┌──

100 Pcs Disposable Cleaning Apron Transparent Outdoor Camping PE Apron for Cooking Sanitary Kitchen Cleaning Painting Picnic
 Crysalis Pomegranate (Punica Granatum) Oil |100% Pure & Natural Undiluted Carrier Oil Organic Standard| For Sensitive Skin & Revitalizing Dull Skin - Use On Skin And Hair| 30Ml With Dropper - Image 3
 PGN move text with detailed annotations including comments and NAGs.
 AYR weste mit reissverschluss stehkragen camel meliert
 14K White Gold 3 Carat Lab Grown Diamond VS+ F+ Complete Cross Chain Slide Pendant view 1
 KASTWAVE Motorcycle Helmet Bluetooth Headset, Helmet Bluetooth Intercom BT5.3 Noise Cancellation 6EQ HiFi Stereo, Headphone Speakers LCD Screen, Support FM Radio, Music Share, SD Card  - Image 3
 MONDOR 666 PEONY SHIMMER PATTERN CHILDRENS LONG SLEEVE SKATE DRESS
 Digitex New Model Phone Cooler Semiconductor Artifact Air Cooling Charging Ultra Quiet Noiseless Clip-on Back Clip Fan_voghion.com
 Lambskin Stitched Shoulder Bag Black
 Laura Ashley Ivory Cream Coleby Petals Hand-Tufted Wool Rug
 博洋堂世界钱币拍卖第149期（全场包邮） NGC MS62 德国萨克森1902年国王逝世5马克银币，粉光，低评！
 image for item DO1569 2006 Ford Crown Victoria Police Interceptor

└──

• INSTRUCTIONS FOR THE TASK: Set down the lines from the one with "AYR weste mit" through the end of the data above. Keep each exactly as written and add no other line.

• SOLUTION:
 AYR weste mit reissverschluss stehkragen camel meliert
 14K White Gold 3 Carat Lab Grown Diamond VS+ F+ Complete Cross Chain Slide Pendant view 1
 KASTWAVE Motorcycle Helmet Bluetooth Headset, Helmet Bluetooth Intercom BT5.3 Noise Cancellation 6EQ HiFi Stereo, Headphone Speakers LCD Screen, Support FM Radio, Music Share, SD Card  - Image 3
 MONDOR 666 PEONY SHIMMER PATTERN CHILDRENS LONG SLEEVE SKATE DRESS
 Digitex New Model Phone Cooler Semiconductor Artifact Air Cooling Charging Ultra Quiet Noiseless Clip-on Back Clip Fan_voghion.com
 Lambskin Stitched Shoulder Bag Black
 Laura Ashley Ivory Cream Coleby Petals Hand-Tufted Wool Rug
 博洋堂世界钱币拍卖第149期（全场包邮） NGC MS62 德国萨克森1902年国王逝世5马克银币，粉光，低评！
 image for item DO1569 2006 Ford Crown Victoria Police Interceptor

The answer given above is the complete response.